DeepSeek-V4: Towards Highly Efficient Million-Token Context Intelligence

DeepSeek-V4：迈向高效的百万级上下文智能

Abstract: We present a preview version of DeepSeek-V4 series, including two strong Mixture-of-Experts (MoE) language models — DeepSeek-V4-Pro with 1.6T parameters (49B activated) and DeepSeek-V4-Flash with 284B parameters (13B activated) — both supporting a context length of one million tokens.

摘要： 我们发布了 DeepSeek-V4 系列的预览版本，其中包括两个强大的混合专家（MoE）语言模型——拥有 1.6 万亿参数（激活 490 亿）的 DeepSeek-V4-Pro 和拥有 2840 亿参数（激活 130 亿）的 DeepSeek-V4-Flash，两者均支持一百万 token 的上下文长度。

DeepSeek-V4 series incorporate several key upgrades in architecture and optimization: (1) a hybrid attention architecture that combines Compressed Sparse Attention (CSA) and Heavily Compressed Attention (HCA) to improve long-context efficiency; (2) Manifold-Constrained Hyper-Connections (mHC) that enhance conventional residual connections; (3) and the Muon optimizer for faster convergence and greater training stability.

DeepSeek-V4 系列在架构和优化方面进行了多项关键升级：（1）结合了压缩稀疏注意力（CSA）和重度压缩注意力（HCA）的混合注意力架构，以提高长上下文的处理效率；（2）增强传统残差连接的流形约束超连接（mHC）；（3）用于实现更快收敛和更高训练稳定性的 Muon 优化器。

We pre-train both models on more than 32T diverse and high-quality tokens, followed by a comprehensive post-training pipeline that unlocks and further enhances their capabilities.

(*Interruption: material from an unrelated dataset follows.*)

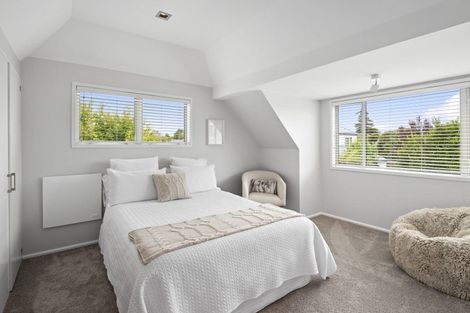 Photo of property in 46a Totara Street, Fendalton, Christchurch, 8041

DeepSeek-V4-Pro-Max, the maximum reasoning effort mode of DeepSeek-V4-Pro, redefines the state-of-the-art for open models, outperforming its predecessors in core tasks.

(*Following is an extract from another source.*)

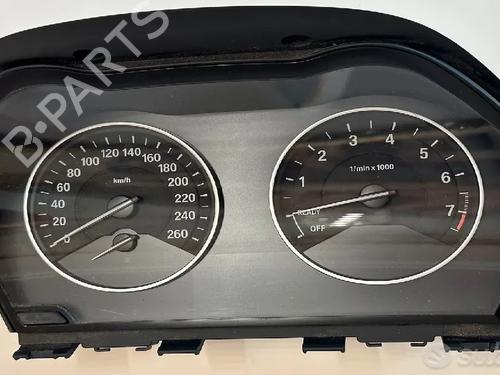 instrument-cluster-bmw-1-f20-2011-2012-2013-2014-2015-2016-2017-2018-2019-36133073 main image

我们在超过 32 万亿个多样化且高质量的 token 上对这两个模型进行了预训练，随后通过全面的后训练流程解锁并进一步增强了它们的能力。DeepSeek-V4-Pro-Max 作为 DeepSeek-V4-Pro 的最大推理努力模式，重新定义了开源模型的行业标杆，在核心任务上超越了其前代产品。

Meanwhile, DeepSeek-V4 series are highly efficient in long-context scenarios. In the one-million-token context setting, DeepSeek-V4-Pro requires only 27% of single-token inference FLOPs and 10% of KV cache compared with DeepSeek-V3.2. This enables us to routinely support one-million-token contexts, thereby making long-horizon tasks and further test-time scaling more feasible.

与此同时，DeepSeek-V4 系列在长上下文场景中表现出极高的效率。在一百万 token 的上下文设置下，与 DeepSeek-V3.2 相比，DeepSeek-V4-Pro 仅需 27% 的单 token 推理浮点运算量（FLOPs）和 10% 的 KV 缓存。这使我们能够常规化地支持百万 token 上下文，从而使长跨度任务和进一步的测试时扩展（test-time scaling）变得更加可行。